Um artista que atravessa o tempo. Lido, cantado, declamado e redescoberto, além de engajado nas pautas do presente sem temer o futuro, e sim disposto a construí-lo. Em entrevista ao V&A, Chico César relembra a infância, em Catolé do Rocha, interior da Paraíba, e fala da fase atual da carreira, a qual passeia por sonoridades afro-brasileiras enquanto dialoga com novos nomes do MPB. Com 58 anos de idade e quase três décadas na carreira fonográfica, Chico flerta com a literatura, é autor de poesias, e abre possibilidades para experimentar novas linguagens: “só o tempo dirá”.
O POVO - Lá atrás, em 1991, você foi convidado para uma turnê na Alemanha e foi o que te levou de vez para a arte, deixando o jornalismo. Mas a música já te acompanhava antes. Como ela estava na sua vida no início, ainda em Catolé do Rocha e depois em João Pessoa?

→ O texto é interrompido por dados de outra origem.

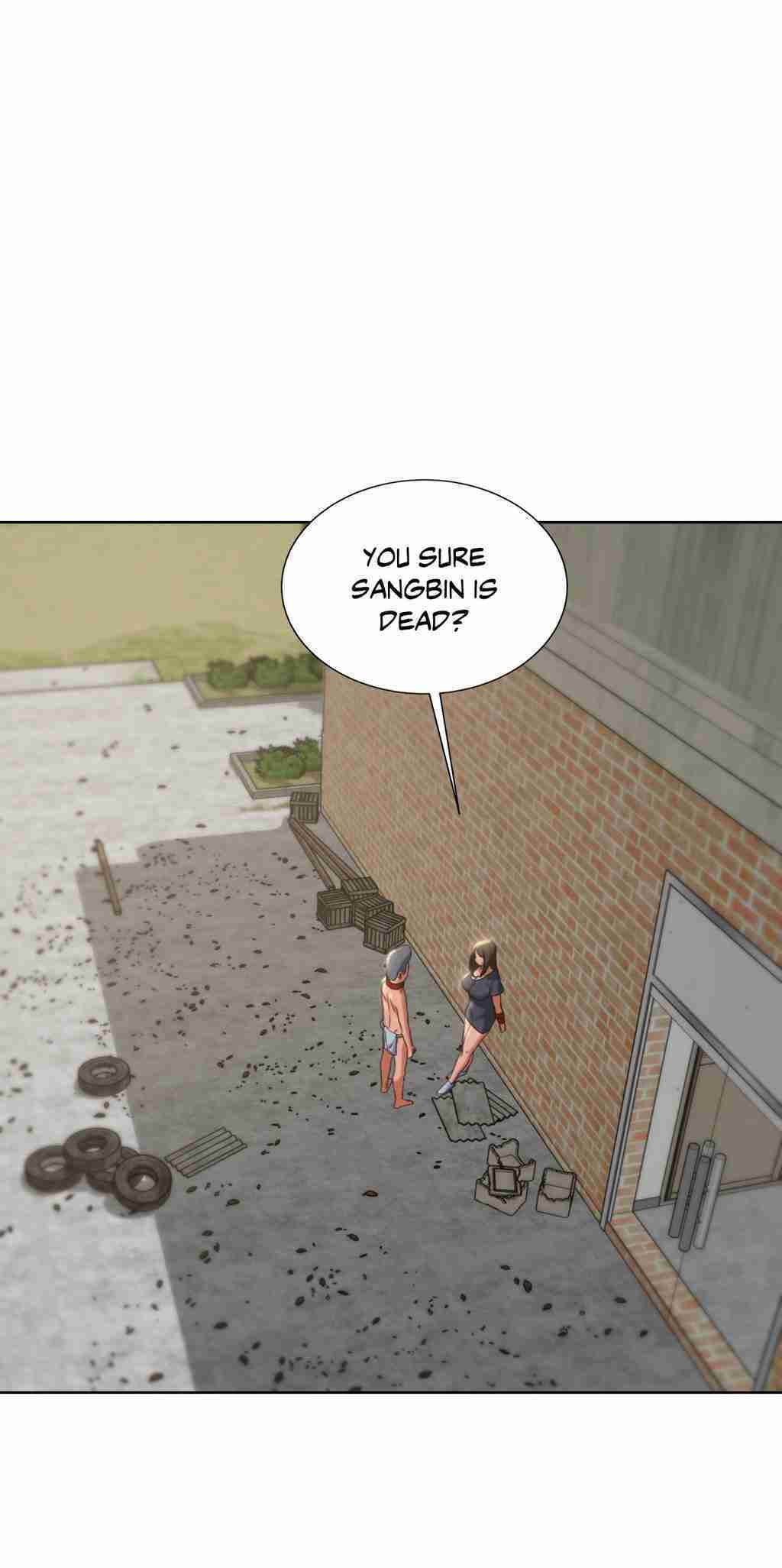 NEW  3rd Grade – 5th Class Page 74 - MangaHe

Chico César - Penso que minha formação musical começa comigo escutando os aboios e os cantos de reisado do meu pai e a minha mãe cantando os hinos da igreja católica. Começa bem aí. Aí depois aí vem as bandas de pífanos, as chamadas bandas cabaçais, passando na porta de casa. Os improvisadores com viola ou com pandeiro. Os repentistas nas feiras. E depois eu trabalhei dos oito aos quinze anos numa loja de discos. Aí sim tinha tudo, né? Tinha desde a banda de pífanos de Caruaru até Kraftwerk, grupo de rock industrial alemão, que hoje é conhecido como música eletrônica, mas naquele tempo (os anos 1970) chamava-se rock industrial. No meio disso tudo tinha Luiz Gonzaga, Jackson do Pandeiro, Beatles, Queen, Luiz Melodia… um pouco de tudo. Tinha também discos de Ray Conniff, que era uma música orquestral. Acho que é daí que vem essa diversidade que o meu trabalho abraça. Tem a ver com a minha escuta, que era uma escuta que abraçou bastante coisa ainda bem jovem. A minha segunda infância foi toda aí, ou seja, dos sete aos quatorze, entrando na adolescência até os quinze foram oito anos de trabalho nesse lugar e foi fundamental pra mim porque era loja de discos e também de livros. Eu li muito nessa fase da minha vida. Livros didáticos, mas também literatura latino-americana, literatura brasileira pra caramba, literatura nordestina. Um pouco de João Cabral de Melo Neto, Ariano Suassuna, Guimarães Rosa entre outras coisas. Se há uma vantagem em ser músico é exatamente essa. Nós não precisamos estar onde o nosso trabalho está. Então ela se espalha, ela consegue estar em muitos lugares. Sinceramente gostaria de ter mais 30 anos de carreira pela frente. Agora tenho 58 anos, 27 anos de carreira fonográfica. Então mais 30 anos de carreira vai ser bacana. Porque aí eu vou poder experimentar muitas coisas, muitas formações, fazer discos em vários lugares do mundo. Eu gosto de fazer colaborações com outros artistas.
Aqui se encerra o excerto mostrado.